*Task to complete*:
Gather from the material every line that contains the string "with".

- - -

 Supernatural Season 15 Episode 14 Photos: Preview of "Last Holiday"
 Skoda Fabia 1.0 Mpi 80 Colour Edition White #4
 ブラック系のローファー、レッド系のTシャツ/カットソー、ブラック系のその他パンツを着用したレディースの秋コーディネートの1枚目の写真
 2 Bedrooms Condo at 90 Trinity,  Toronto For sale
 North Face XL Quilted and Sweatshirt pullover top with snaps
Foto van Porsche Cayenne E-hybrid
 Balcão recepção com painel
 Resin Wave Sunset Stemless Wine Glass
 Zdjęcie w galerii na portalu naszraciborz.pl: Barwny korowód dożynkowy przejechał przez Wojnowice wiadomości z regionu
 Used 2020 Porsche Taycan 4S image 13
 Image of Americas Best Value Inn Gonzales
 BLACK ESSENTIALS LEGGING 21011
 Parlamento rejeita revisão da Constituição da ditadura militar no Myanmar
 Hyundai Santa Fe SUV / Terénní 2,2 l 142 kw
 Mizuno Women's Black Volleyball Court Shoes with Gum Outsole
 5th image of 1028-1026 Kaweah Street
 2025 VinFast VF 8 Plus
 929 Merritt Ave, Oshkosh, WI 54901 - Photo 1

- - -

*Task result*:
 North Face XL Quilted and Sweatshirt pullover top with snaps
 Mizuno Women's Black Volleyball Court Shoes with Gum Outsole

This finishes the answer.